### [ABOUT THIS EXERCISE]
Each line in the material below, starting at the one that contains "Tommy Hilfiger |" and ending at the one that contains "Photo 1 of Hanging", should be repeated exactly; the pictures should not.

### [EXTRACTED INFORMATION]
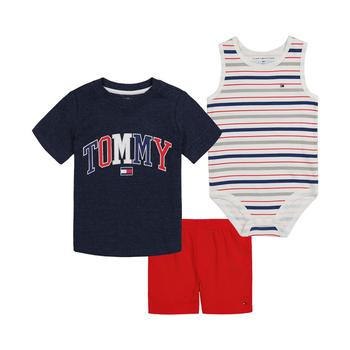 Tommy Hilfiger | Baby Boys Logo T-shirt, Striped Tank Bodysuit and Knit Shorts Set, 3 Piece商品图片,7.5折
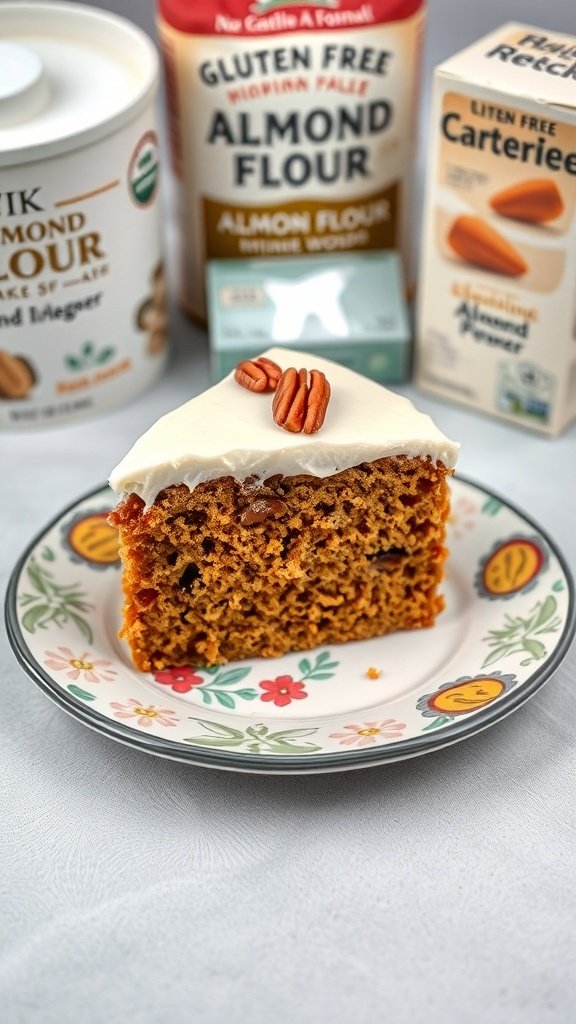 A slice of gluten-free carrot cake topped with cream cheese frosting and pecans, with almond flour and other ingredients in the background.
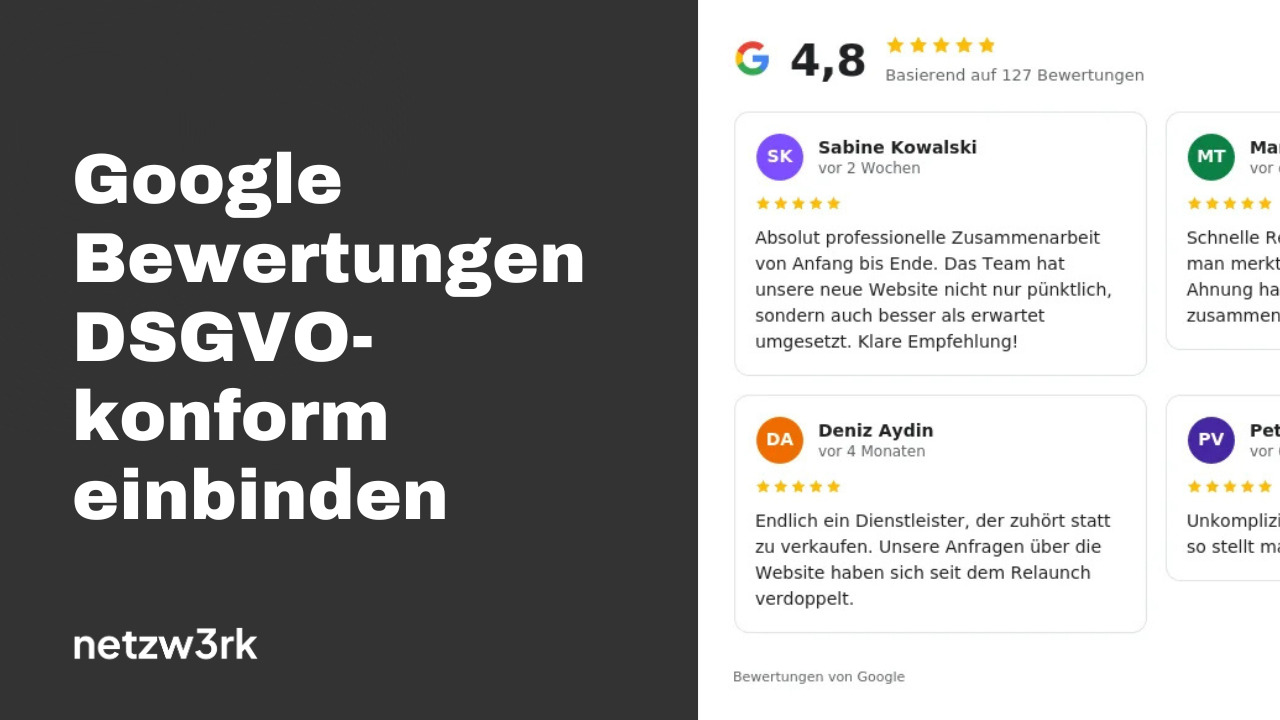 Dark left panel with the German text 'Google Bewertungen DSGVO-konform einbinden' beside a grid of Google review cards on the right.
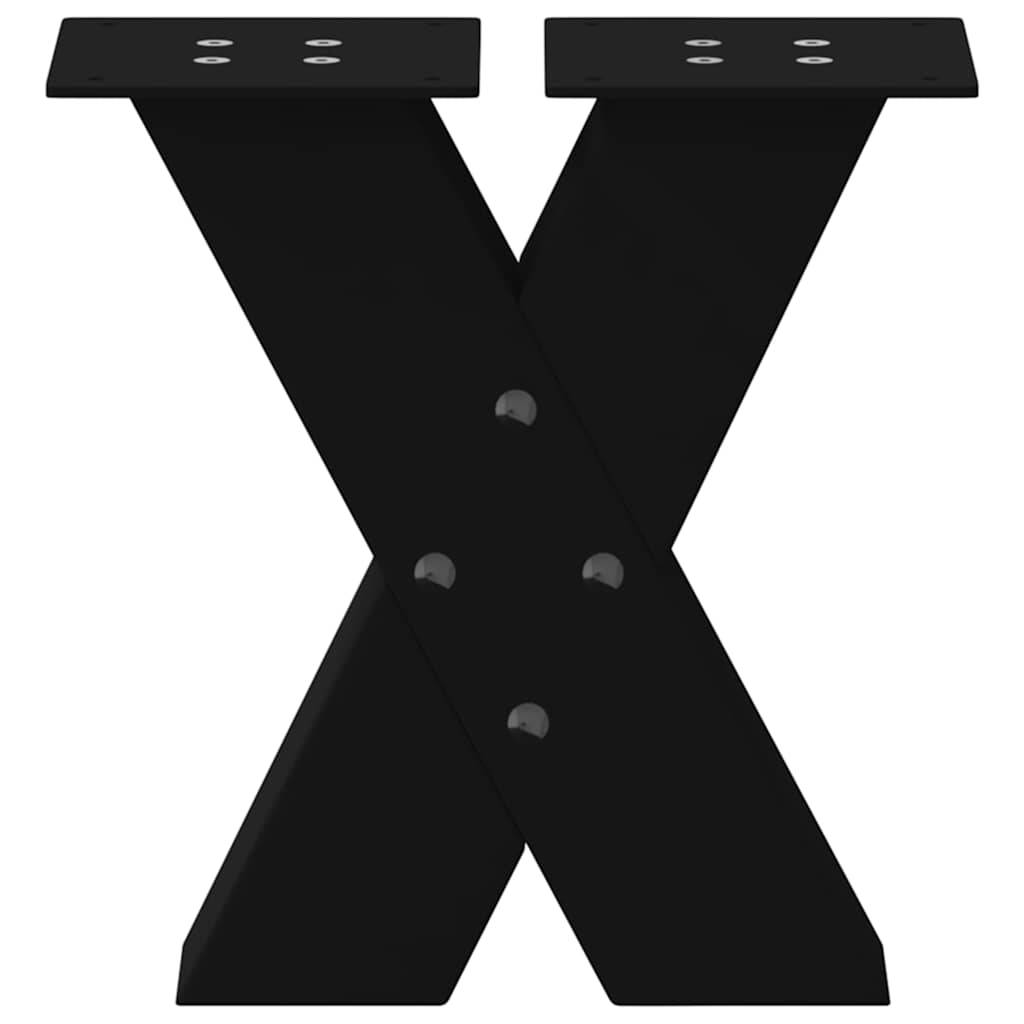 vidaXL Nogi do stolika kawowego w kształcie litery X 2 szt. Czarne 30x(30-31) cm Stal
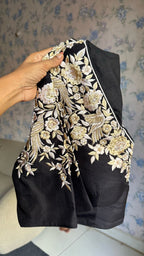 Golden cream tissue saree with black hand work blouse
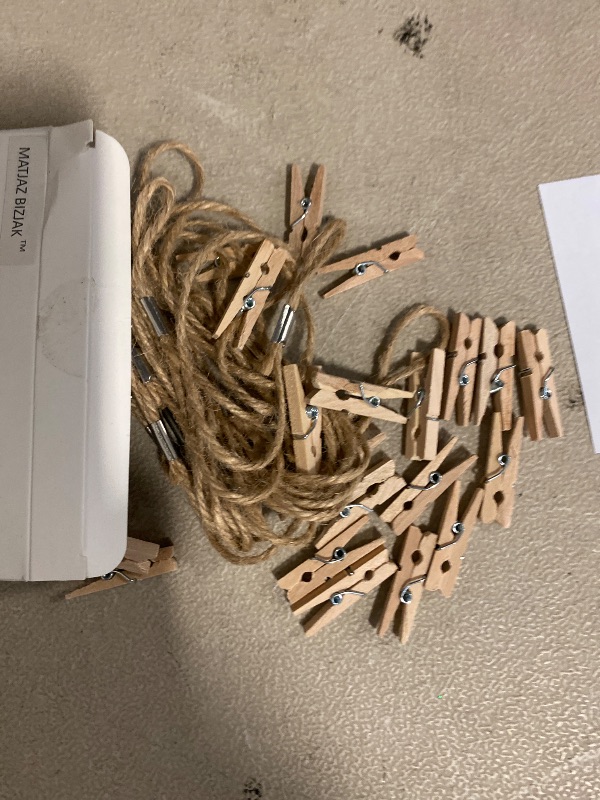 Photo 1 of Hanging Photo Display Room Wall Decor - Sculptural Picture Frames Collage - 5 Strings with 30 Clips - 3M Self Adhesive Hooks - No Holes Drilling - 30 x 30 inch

* * *

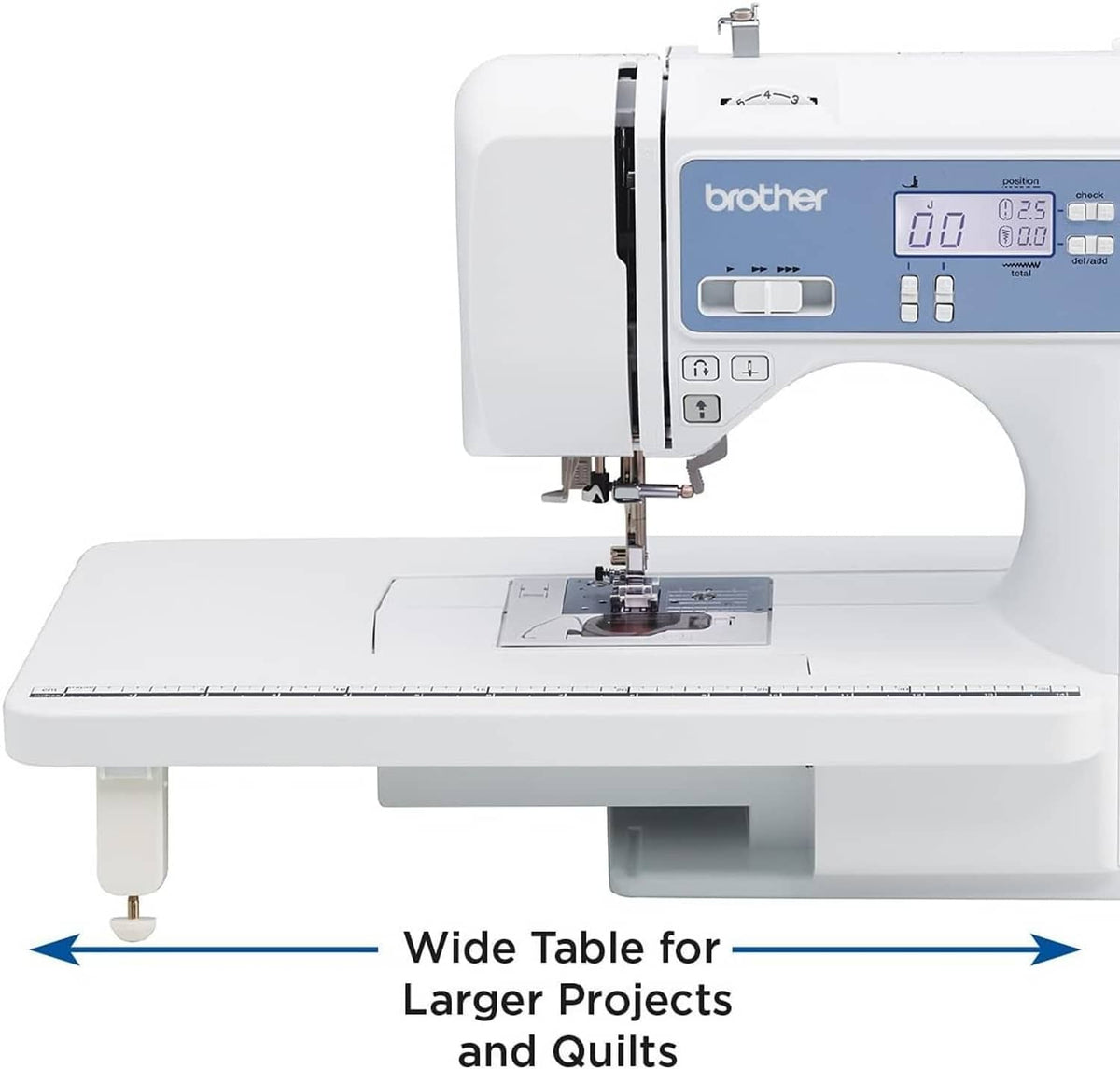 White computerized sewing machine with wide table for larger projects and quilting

### [SOLUTION FOR THIS PROBLEM]
 Tommy Hilfiger | Baby Boys Logo T-shirt, Striped Tank Bodysuit and Knit Shorts Set, 3 Piece商品图片,7.5折
 A slice of gluten-free carrot cake topped with cream cheese frosting and pecans, with almond flour and other ingredients in the background.
 Dark left panel with the German text 'Google Bewertungen DSGVO-konform einbinden' beside a grid of Google review cards on the right.
 vidaXL Nogi do stolika kawowego w kształcie litery X 2 szt. Czarne 30x(30-31) cm Stal
 Golden cream tissue saree with black hand work blouse
 Photo 1 of Hanging Photo Display Room Wall Decor - Sculptural Picture Frames Collage - 5 Strings with 30 Clips - 3M Self Adhesive Hooks - No Holes Drilling - 30 x 30 inch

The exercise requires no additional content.